Our newest character additions (although one for a very brief duration). At least they chose to keep the better actor of the two.

And there’s so much of it. Every fight seems to go on for multiple beats too long. I like the idea of the truck chase. Let’s pit the really normal Avengers against the robo-god and see how they fare. But good lord, it just goes on and on and on and nothing happens. It’s like watching a ten-minute-long holding action, and you’re bored within the first two or so. The Hulkbuster armor is really cool, but the fight just never ends until it does–with a total anticlimax! It’s just that same problem over and over. The mooks in the final fight are ludicrously inconsistently destructible. Sometimes they can take repeated beatings with superweapons, sometimes Cap can just backhand them to death. They’re completely uninteresting as foes, as well. They have no personality or real sense of menace to them. The few producer’s notes that have been made public indicate that the studio didn’t like the scenes I just praised above, and pushed for more of that big studio bombast. They criticized the cool visions, the downtime at Hawkeye’s home: you know, the quiet moments. The movie just grew and grew until it was a bloated shell of what it might have been. They cut an entire major scene for Thor (where we were going to see him learn about the Infinity Stones), and it’s very obvious where the cuts were made. There had to be more room for another fifteen minute fight scene, so who cares if the middle of the film feels jumpy and disjointed? The whole things just smacks of missed potential. I really do believe the building blocks were there to make this one of the best MCU movies, but the weight of the whole film universe draped over its shoulders, coupled with studio expectations, crumpled it.

Overall:

Stray Thoughts:

  • I have a huge and serious problem with Black Widow implying that being unable to bear a child makes her a monster. Every time I have seen this movie it has stood out to me as a particularly tone deaf and terrible thing to say. It is shockingly bad in an otherwise pretty solid script. I am considering writing an entire editorial about it.

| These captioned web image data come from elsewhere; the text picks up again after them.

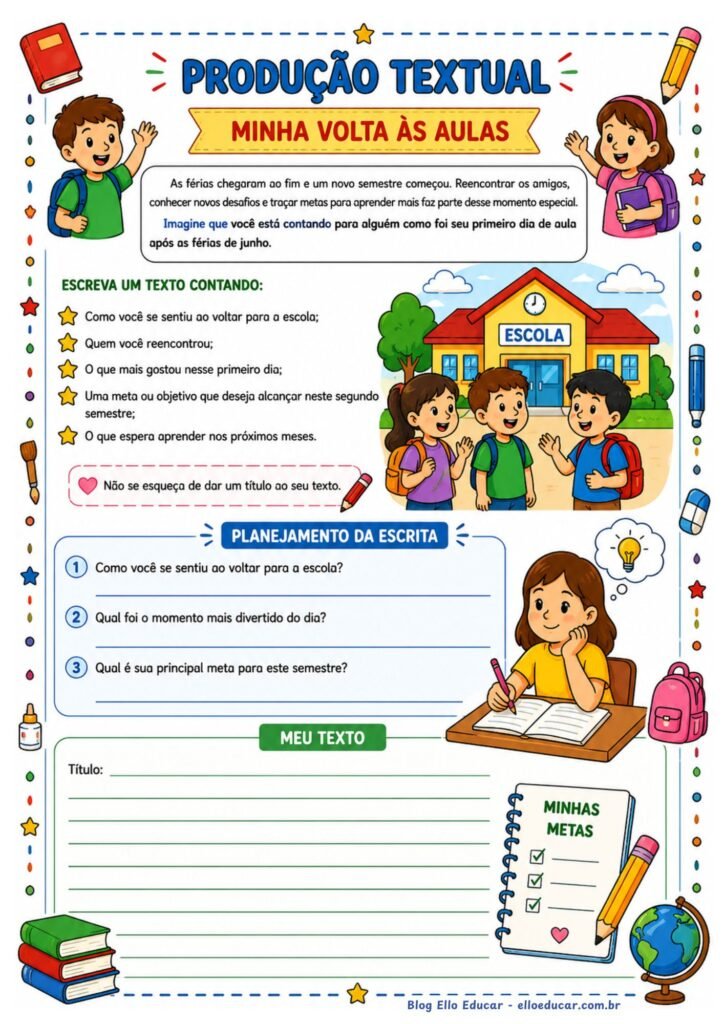 Atividades de volta às aulas segundo semestre 5° ano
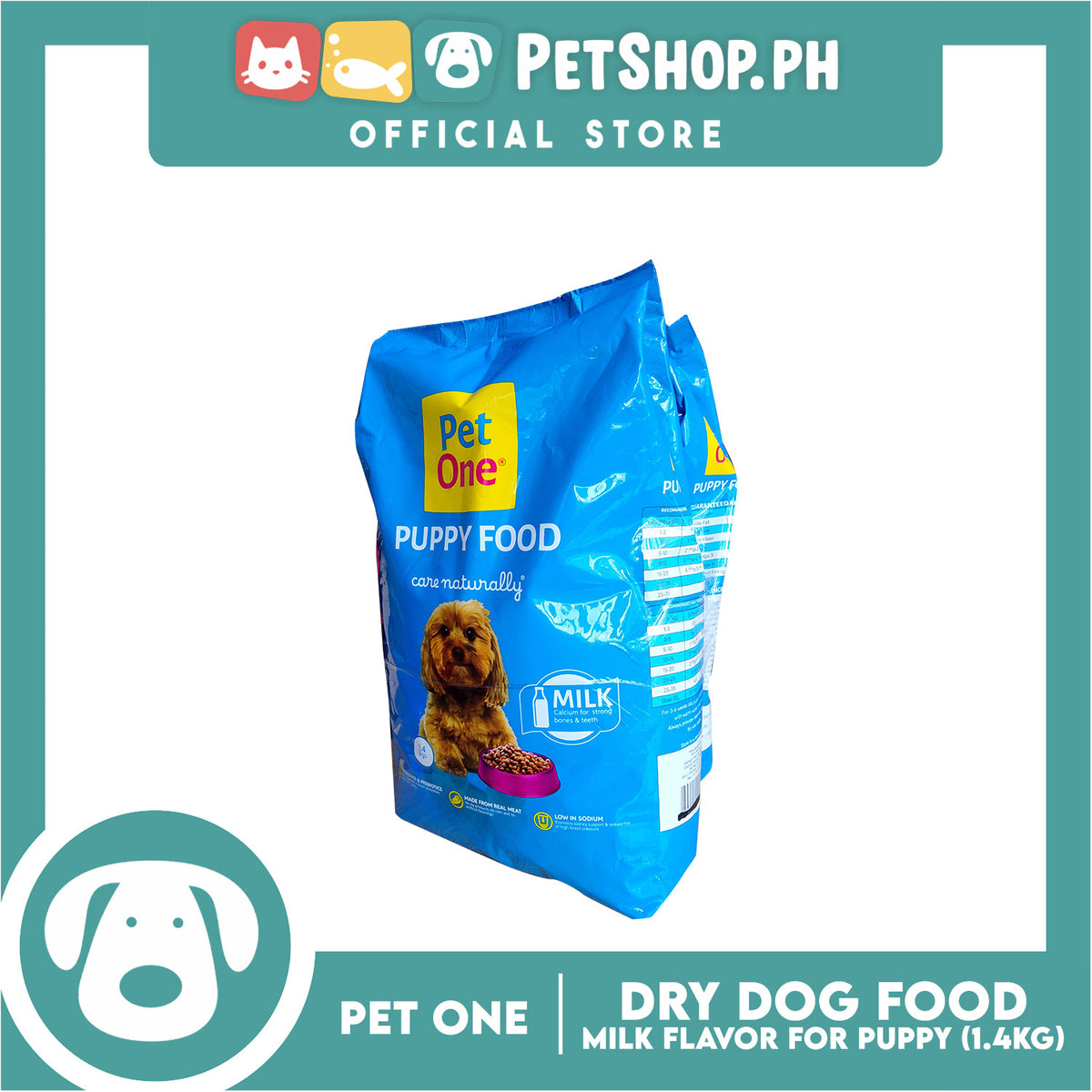 2pcs Pet One Puppy Dry Dog Food - Care Naturally 1.4kg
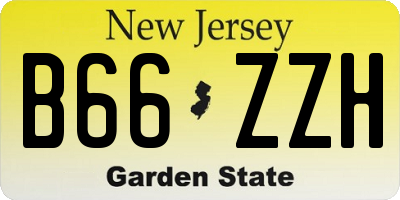 NJ license plate B66ZZH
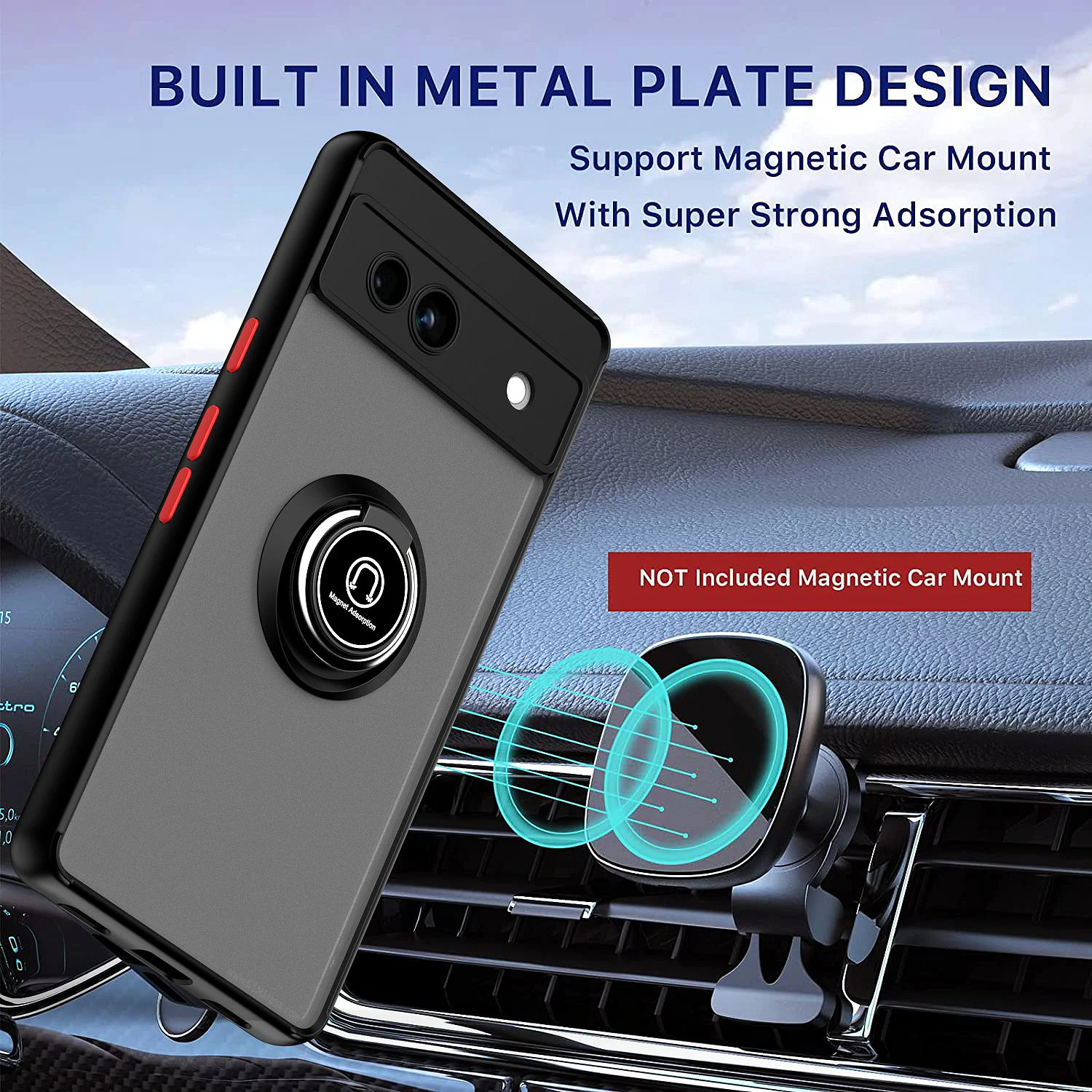 Shockproof Armor Matte Case with Magnetic Ring Stand Holder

  • The running “language” gag with Captain America is adorable and I love it.
  • There are just too many housecleaning tasks this movie has to do: trying to explain the missing significant others for two of the heroes is particularly bad.
  • Starting this movie with Tony in the suit after the ending of Iron Man 3 was a terrible idea. It completely reverses all of the previous character development, and makes his desire for Ultron make even less sense.

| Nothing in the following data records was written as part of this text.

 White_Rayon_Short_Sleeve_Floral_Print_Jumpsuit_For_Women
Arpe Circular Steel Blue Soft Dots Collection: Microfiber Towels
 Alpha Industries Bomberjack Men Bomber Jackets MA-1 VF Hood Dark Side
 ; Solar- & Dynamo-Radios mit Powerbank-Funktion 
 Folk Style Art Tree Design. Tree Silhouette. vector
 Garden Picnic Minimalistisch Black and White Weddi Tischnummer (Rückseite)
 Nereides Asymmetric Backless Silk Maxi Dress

  • Cap immediately knowing how to best use the two new team members to save the day is great.
  • This movie has way too much technobabble surrounding Ultron that obfuscates what really matters–character motivation and action.

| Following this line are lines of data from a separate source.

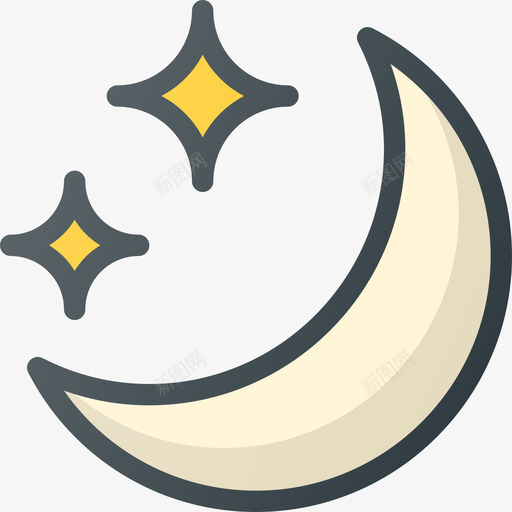 夜晚76号天气线性颜色图标svg_新图网 https://ixintu.com 76号天气 夜晚 线性颜色
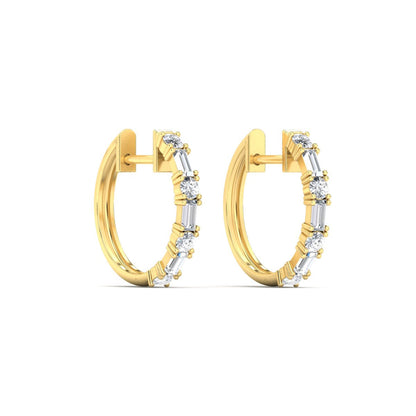 Round And Baguette Huggie Earrings Fascinating Diamonds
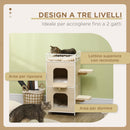 Casetta per Gatti 3 Piani 40x40x84 cm con Tiragraffi Legno e Bianco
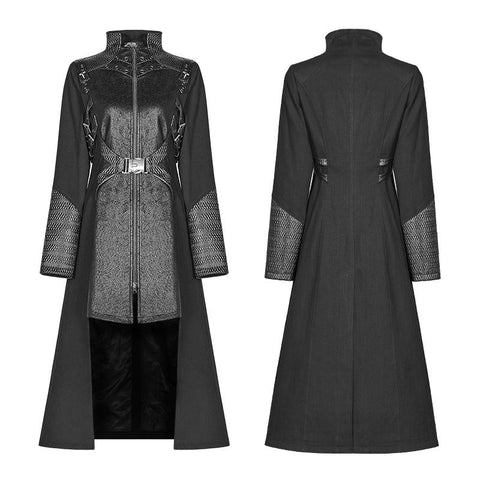 Punk Frauen Stehkragen Krieger High Low Long Coat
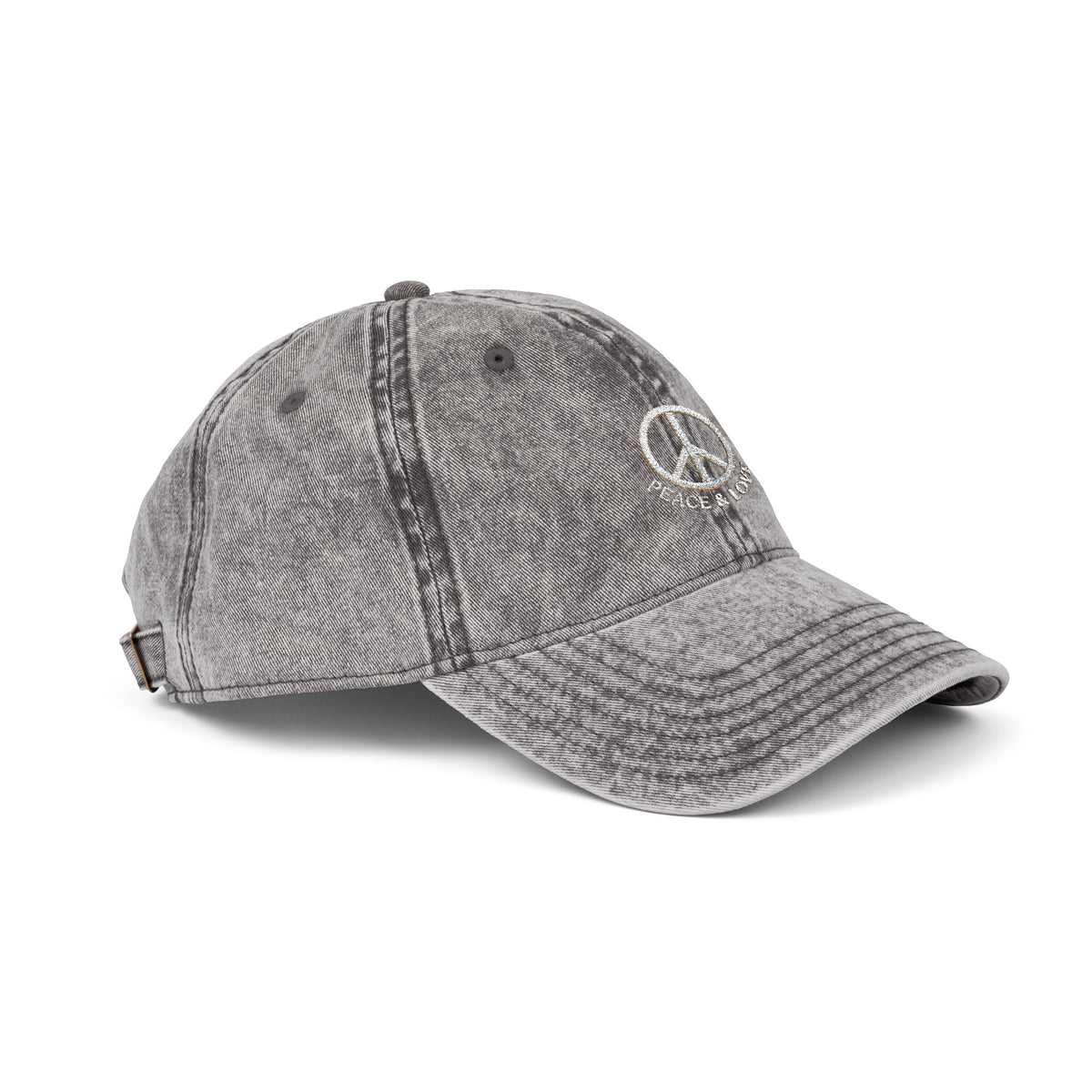 Vintage Embroidered Peace Sign Cap — "Peace & Love" Washed Baseball Hat
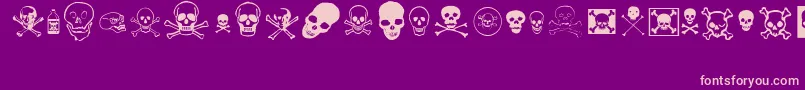 Weitere Informationen zur skullz-Schriftart skullz-Schriftart – Rosa Schriften auf violettem Hintergrund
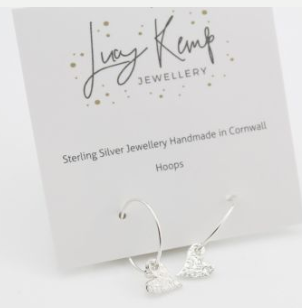 Silver Charm Hoop Earrings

  • Ultron is way too easy to defeat for the ending to feel earned. Evidently the Vision can just turn off the Internet. It’s one of his superpowers.
  • It’s still good that they show heroes saving civilians. That still matters.
  • Repeating your best shot from the previous movie is cheap, and feels it. I think the idea was for it to be a cool callback, but it just feels like resting on your laurels.
  • Post-Credits scene: Thanos is still waiting in the wings. I don’t think I had forgotten, but for anyone who had I guess this is an OK scene.
  • Stan Lee cameo: One of my favorites of the whole shebang. Lee as a WW2 veteran is a great idea (since he actually was), and the scene plays out wonderfully. Maybe the best one of these.